RFC: std.json sucessor (page 16)

October 13, 2014

Re: RFC: std.json sucessor

Posted by Sönke Ludwig
in reply to Andrei Alexandrescu

Permalink

Sönke Ludwig

Posted in reply to Andrei Alexandrescu

Permalink

Am 12.10.2014 20:17, schrieb Andrei Alexandrescu:
> Here's my destruction of std.data.json.
>
> * lexer.d:
>
> ** Beautifully done. From what I understand, if the input is string or
> immutable(ubyte)[] then the strings are carved out as slices of the
> input, as opposed to newly allocated. Awesome.
>
> ** The string after lexing is correctly scanned and stored in raw format
> (escapes are not rewritten) and decoded on demand. Problem with decoding
> is that it may allocate memory, and it would be great (and not
> difficult) to make the lexer 100% lazy/non-allocating. To achieve that,
> lexer.d should define TWO "Kind"s of strings at the lexer level: regular
> string and undecoded string. The former is lexer.d's way of saying "I
> got lucky" in the sense that it didn't detect any '\\' so the raw and
> decoded strings are identical. No need for anyone to do any further
> processing in the majority of cases => win. The latter means the lexer
> lexed the string, saw at least one '\\', and leaves it to the caller to
> do the actual decoding.

This is actually more or less done in unescapeStringLiteral() - if it doesn't find any '\\', it just returns the original string. Also JSONString allows to access its .rawValue without doing any decoding/allocations.

https://github.com/s-ludwig/std_data_json/blob/master/source/stdx/data/json/lexer.d#L1421

Unfortunately .rawValue can't be @nogc because the "raw" value might have to be constructed first when the input is not a "string" (in this case unescaping is done on-the-fly for efficiency reasons).


>
> ** After moving the decoding business out of lexer.d, a way to take this
> further would be to qualify lexer methods as @nogc if the input is
> string/immutable(ubyte)[]. I wonder how to implement a conditional
> attribute.

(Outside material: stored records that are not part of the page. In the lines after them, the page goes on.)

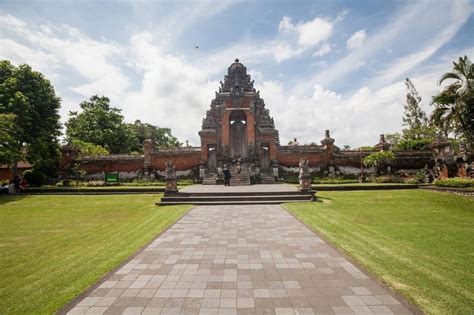 Pura Taman Ayun Temple, Bali | Timings, How To Reach, & More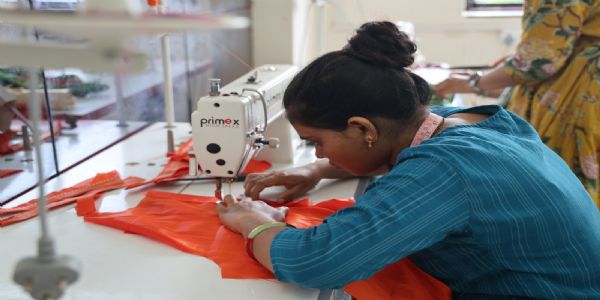 સોમનાથ મંદિરના માધ્યમથી 363 મહિલાઓને વર્ષે 9 કરોડની રોજગારી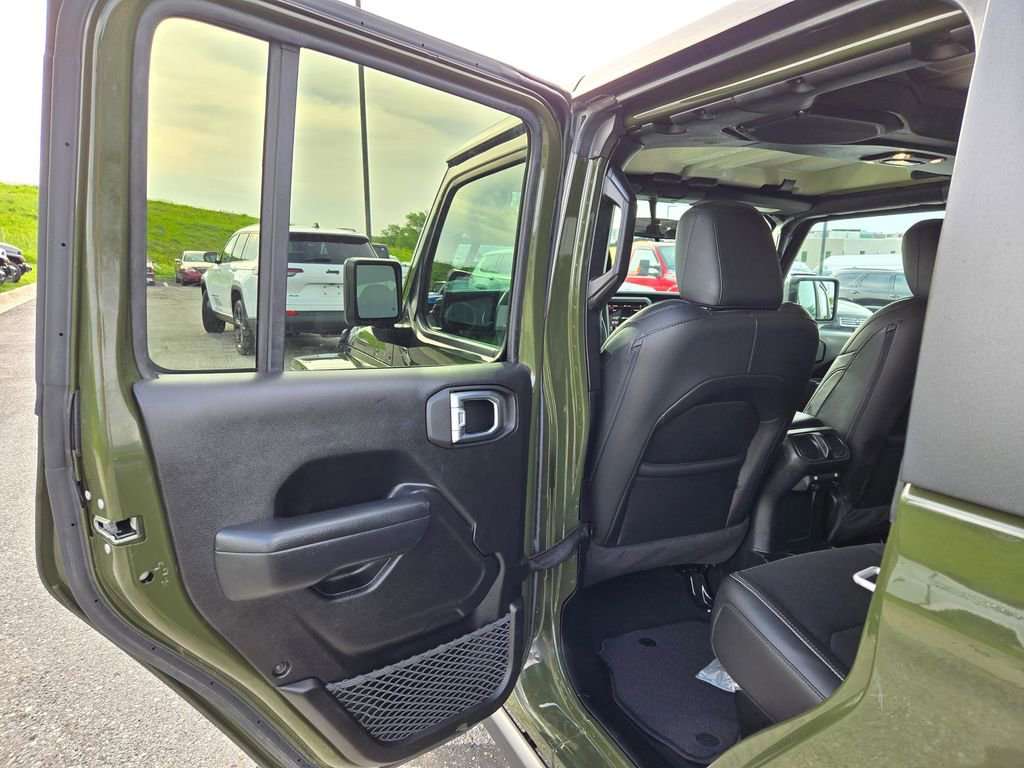 Used 2023 Jeep Gladiator Sport AWD/4WD image 29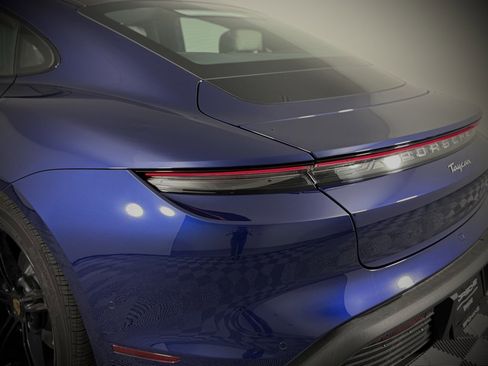 New 2024 Porsche Taycan image 13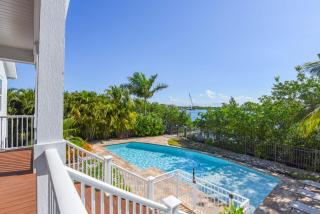 Capmar House -Huge Home & Pool - 2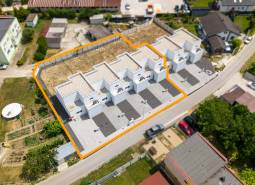 Hausbau in Horná Streda in der Straße Horná Streda, moderne energieeffiziente Häuser.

We'll probably need a language enhancement for that.

Isn't @nogc inferred? Everything is templated, so that should be possible. Or does attribute inference only work for template function and not for methods of templated types? Should it?

>
> ** The implementation uses manually-defined tagged unions for work.
> Could we use Algebraic instead - dogfooding and all that? I recall there
> was a comment in Sönke's original work that Algebraic has a specific
> issue (was it false pointers?) - so the question arises, should we fix
> Algebraic and use it thus helping other uses as well?

I had started on an implementation of a type and ID safe TaggedAlgebraic that uses Algebraic for its internal storage. If we can get that in first, it should be no problem to use it instead (with no or minimal API breakage). However, it uses a struct instead of an enum to define the "Kind" (which is the only nice way I could conceive to safely couple enum value and type at compile time), so it's not as nice in the generated documentation.

>
> ** I see the "boolean" kind, should we instead have the "true_" and
> "false_" kinds?

I always found it cumbersome and awkward to work like that. What would be the reason to go that route?

>
> ** Long story short I couldn't find any major issue with this module,
> and I looked! I do think the decoding logic should be moved outside of
> lexer.d or at least the JSONLexerRange.
>
> * generator.d: looking good, no special comments. Like the consistent
> use of structs filled with options as template parameters.
>
> * foundation.d:
>
> ** At four words per token, Location seems pretty bulky. How about
> reducing line and column to uint?

Single line JSON files >64k (or line counts >64k) are no exception, so that would only work in a limited way. My thought about this was that it is quite unusual to actually store the tokens for most purposes (especially when directly serializing to a native D type), so that it should have minimal impact on performance or memory consumption.

>
> ** Could JSONException create the message string in toString (i.e.
> when/if used) as opposed to in the constructor?

That could of course be done, but the you'd not get the full error message using ex.msg, only with ex.toString(), which usually prints a call trace instead. Alternatively, it's also possible to completely avoid using exceptions with LexOptions.noThrow.

>
> * parser.d:
>
> ** How about using .init instead of .defaults for options?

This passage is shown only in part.